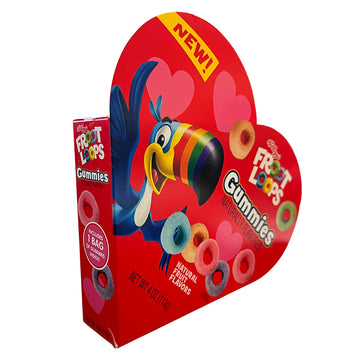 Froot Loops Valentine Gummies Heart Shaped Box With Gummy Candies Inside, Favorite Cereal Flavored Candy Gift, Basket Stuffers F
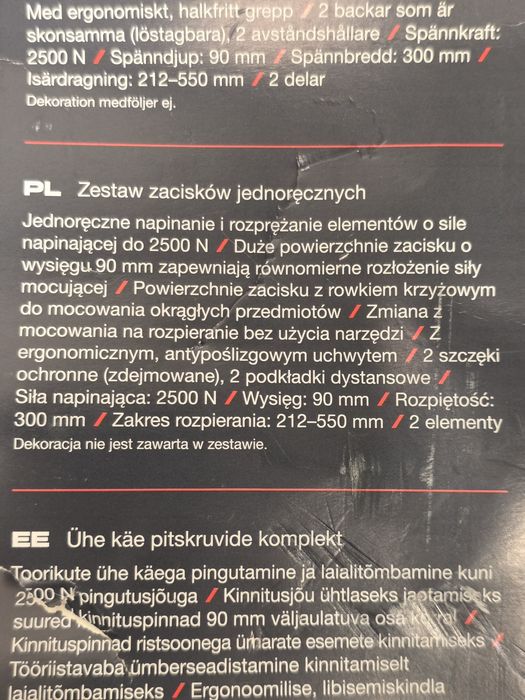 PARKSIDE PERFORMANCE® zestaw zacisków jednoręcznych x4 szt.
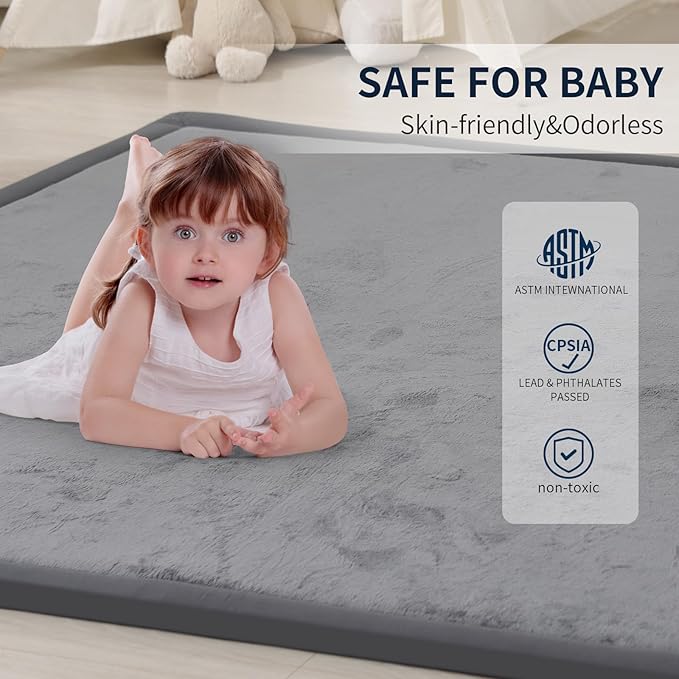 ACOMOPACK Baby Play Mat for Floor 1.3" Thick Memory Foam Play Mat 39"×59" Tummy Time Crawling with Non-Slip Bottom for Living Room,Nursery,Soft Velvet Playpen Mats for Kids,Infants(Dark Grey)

==

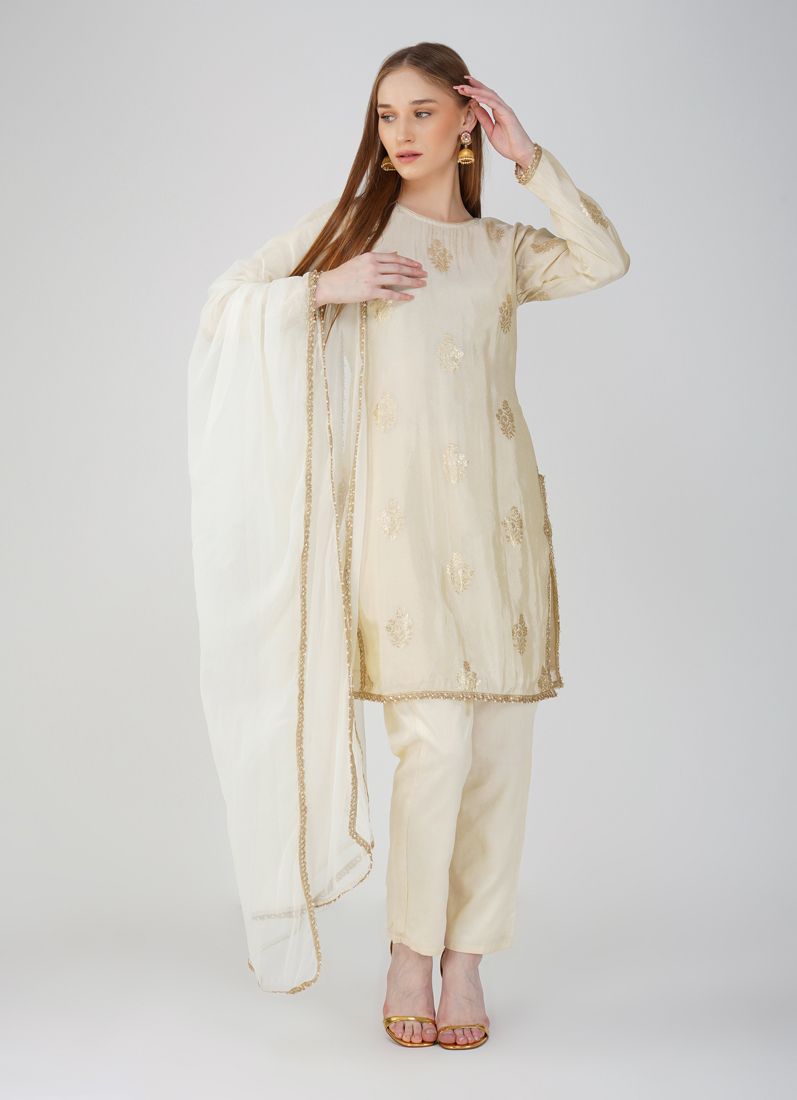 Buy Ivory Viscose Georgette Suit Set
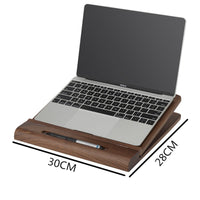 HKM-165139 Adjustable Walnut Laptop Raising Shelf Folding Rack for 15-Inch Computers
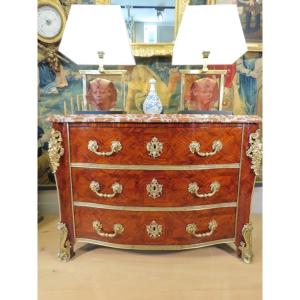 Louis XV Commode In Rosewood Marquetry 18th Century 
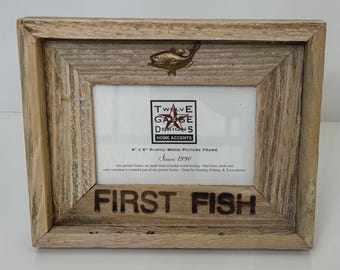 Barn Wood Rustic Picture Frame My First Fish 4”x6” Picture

Exercise description
In the listing above, find the line with "Louis XV Commode" and the line with "Barn Wood Rustic". Set down both and every line between them, minus the pictures.

Solution for this task
 Louis XV Commode In Rosewood Marquetry 18th Century 
 Barn Wood Rustic Picture Frame My First Fish 4”x6” Picture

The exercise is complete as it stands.